PROVIDED DATA |
╔══

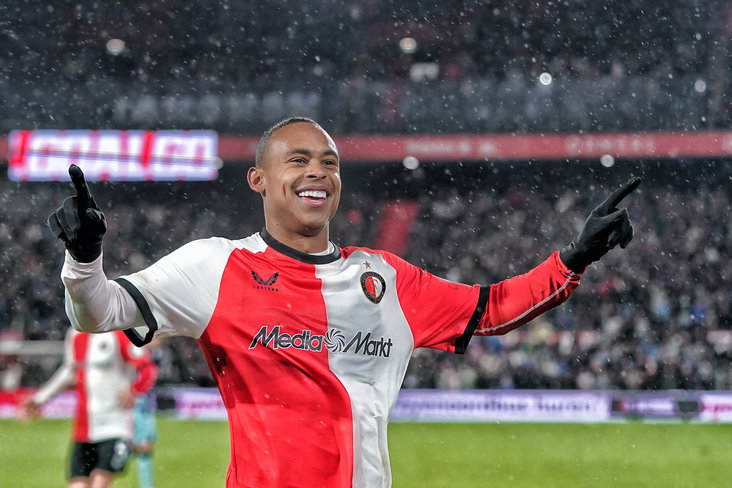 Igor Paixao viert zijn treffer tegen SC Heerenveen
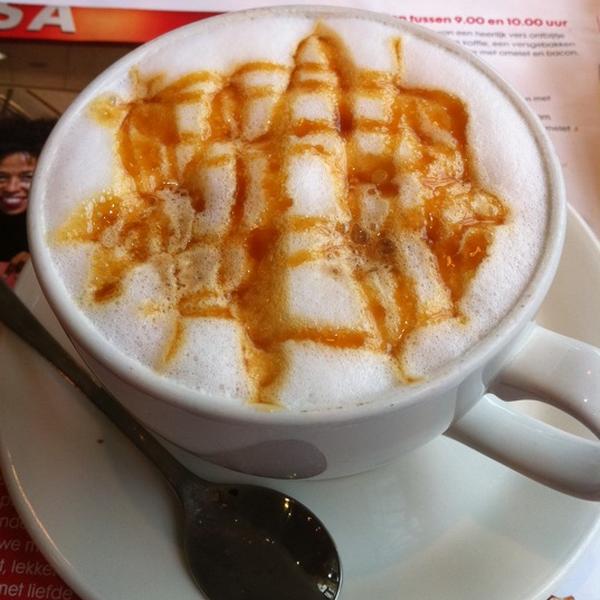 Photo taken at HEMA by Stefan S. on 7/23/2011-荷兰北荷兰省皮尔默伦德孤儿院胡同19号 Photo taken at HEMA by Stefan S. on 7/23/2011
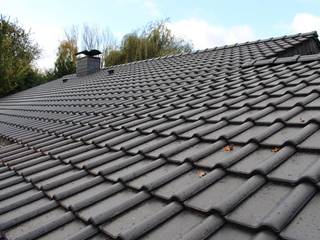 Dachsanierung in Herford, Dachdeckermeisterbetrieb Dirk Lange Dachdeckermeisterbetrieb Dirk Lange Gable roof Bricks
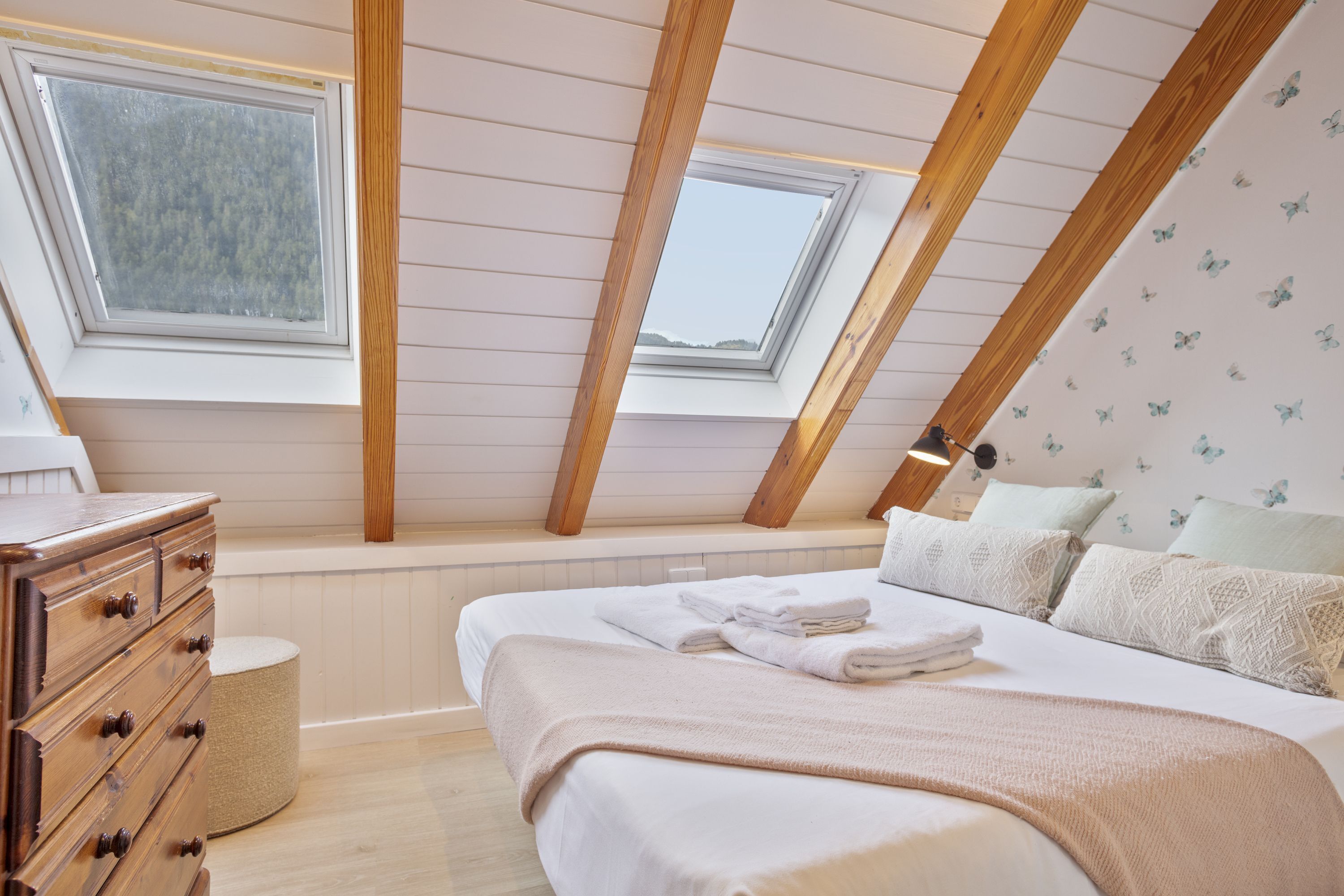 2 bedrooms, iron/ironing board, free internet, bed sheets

╚══

ABOUT THIS TASK | Only the lines from the one with "S. on 7/23/2011-荷兰北荷兰省皮尔默伦德孤儿院胡同19号" through the end of the listing should be transcribed, exactly and without pictures.

COMPLETED TASK |
 Photo taken at HEMA by Stefan S. on 7/23/2011-荷兰北荷兰省皮尔默伦德孤儿院胡同19号 Photo taken at HEMA by Stefan S. on 7/23/2011
 Dachsanierung in Herford, Dachdeckermeisterbetrieb Dirk Lange Dachdeckermeisterbetrieb Dirk Lange Gable roof Bricks
 2 bedrooms, iron/ironing board, free internet, bed sheets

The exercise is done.